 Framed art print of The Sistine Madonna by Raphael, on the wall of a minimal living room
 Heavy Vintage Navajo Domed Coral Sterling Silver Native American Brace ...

● ● ●

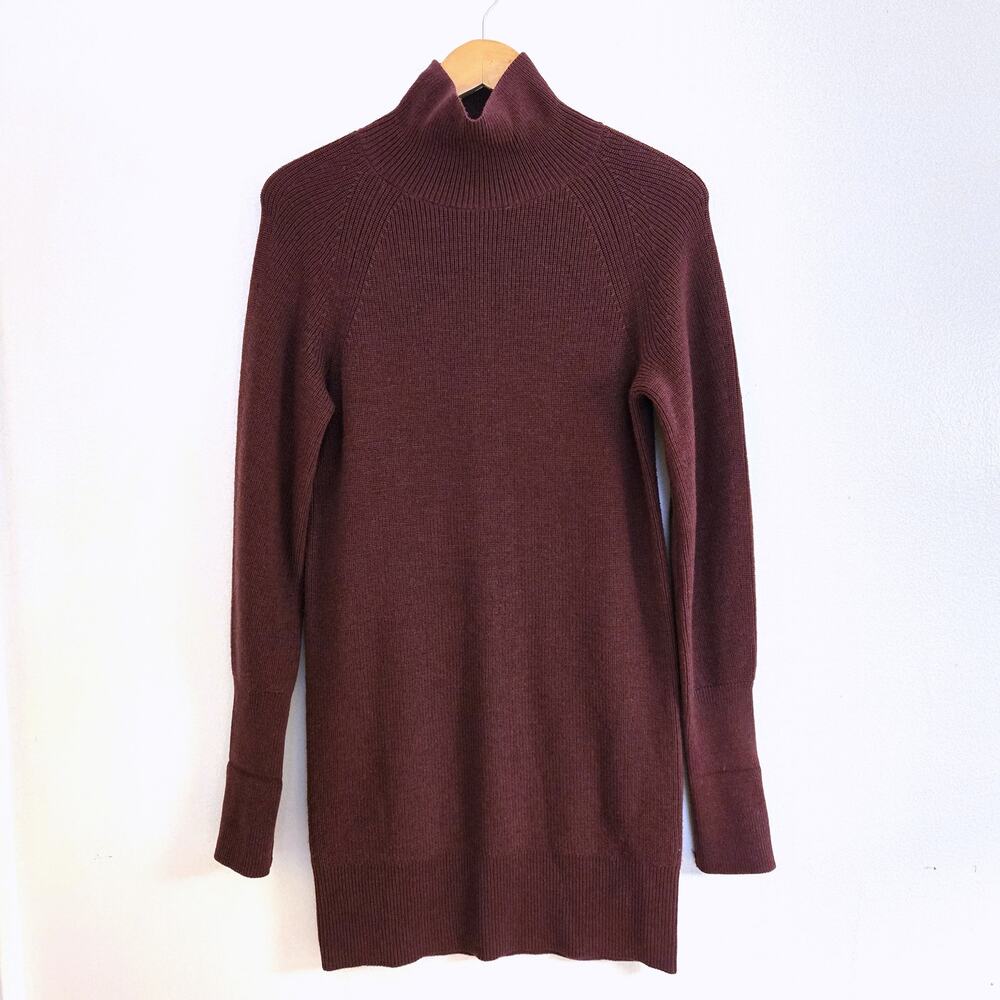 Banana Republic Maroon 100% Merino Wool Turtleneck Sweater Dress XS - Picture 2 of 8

● ● ●

In the data above, find the line that contains "Framed art print" and the line that contains "Heavy Vintage Navajo". Repeat exactly those lines and every line between them, and only those.

 Framed art print of The Sistine Madonna by Raphael, on the wall of a minimal living room
 Heavy Vintage Navajo Domed Coral Sterling Silver Native American Brace ...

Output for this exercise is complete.